Other attacks, however, were harder to explain away, and so they were simply ignored. International Christian Concern reported that “on Sunday, Dec. 22, armed men killed 14 Christians, including a pregnant woman and a 1-year-old girl, shortly after a Christmas carol service at the Evangelical Church Winning All (ECWA)” in Nigeria. The “armed men” were, beyond the shadow of any doubt, Islamic jihadis.

Then, just before Christmas in Turkey and Syria, Muslims went out of their way to destroy Christmas trees. Islamic law forbids the subjugated people of the book (Jews, Christians, Zoroastrians) to make public displays of their religious festivals. The dhimmis “are forbidden…to ring church bells or display crosses…recite the Torah or Evangel aloud, or make public display of their funerals or feastdays” (Reliance of the Traveller, o11.5 (6).) In light of the fact that the media ignores Islamic doctrine and law and persists in the fantasy that Islam is peaceful, tolerant, and benign, it’s no wonder that these incidents were largely ignored. 

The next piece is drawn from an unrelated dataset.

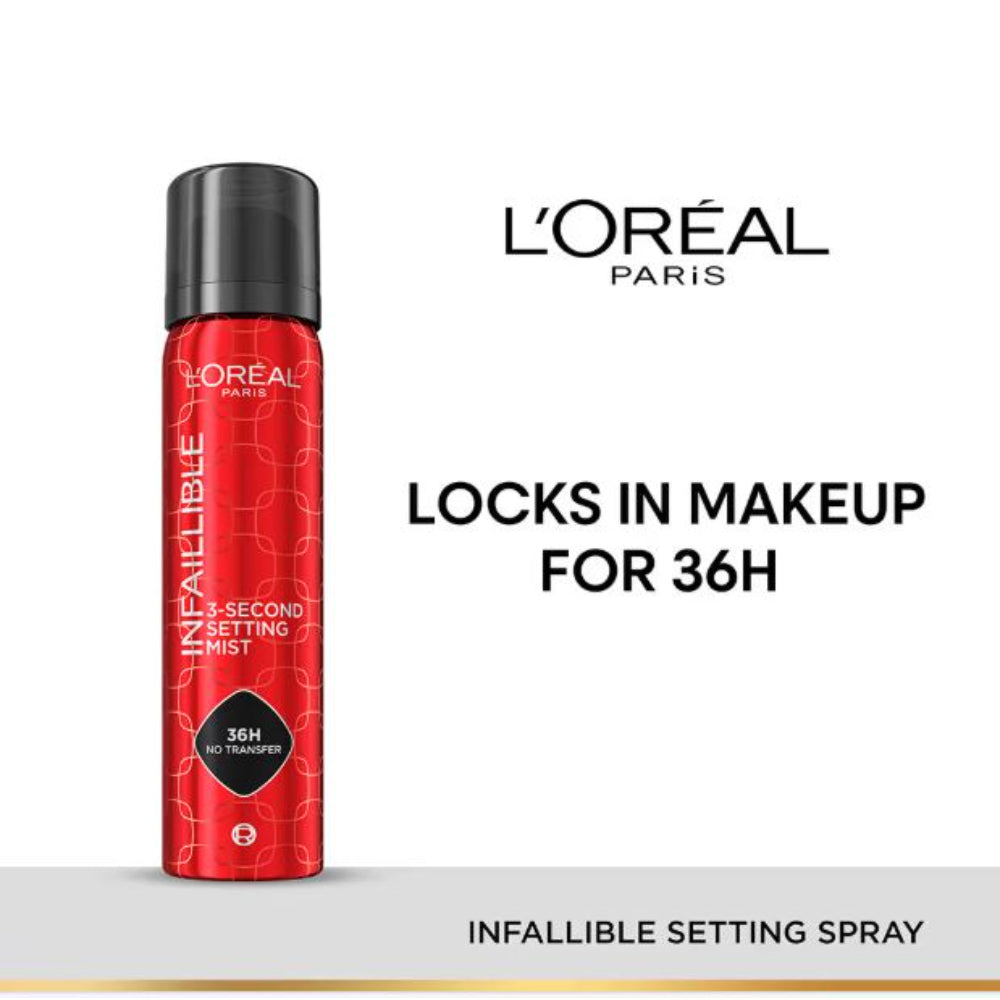 L'Oreal Paris Infallible 3-Second Setting Spray, 36hr Long Lasting Makeup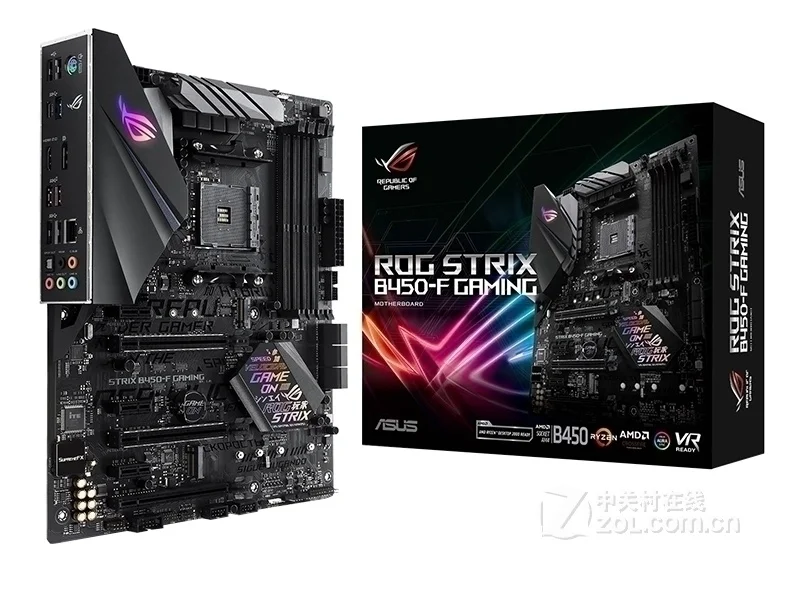 Best Price original motherboard for new ASUS ROG STRIX B450-F GAMING Socket AM4 DDR4 USB3.1 64G SATA3 B450 M.2 Desktop Motherboard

An incident on Christmas morning in Bangladesh got similar treatment. OpIndia reported on Christmas Day that “17 houses belonging to the Tripura Christian community were set ablaze in Bandarban’s Lama Upazila.” The arson “occurred in the early hours of December 25, while residents were away attending prayers in a neighbouring village, as there is no church in their village. There was nobody in the village when the attack took place.” The perpetrators were, of course, Islamic jihadis.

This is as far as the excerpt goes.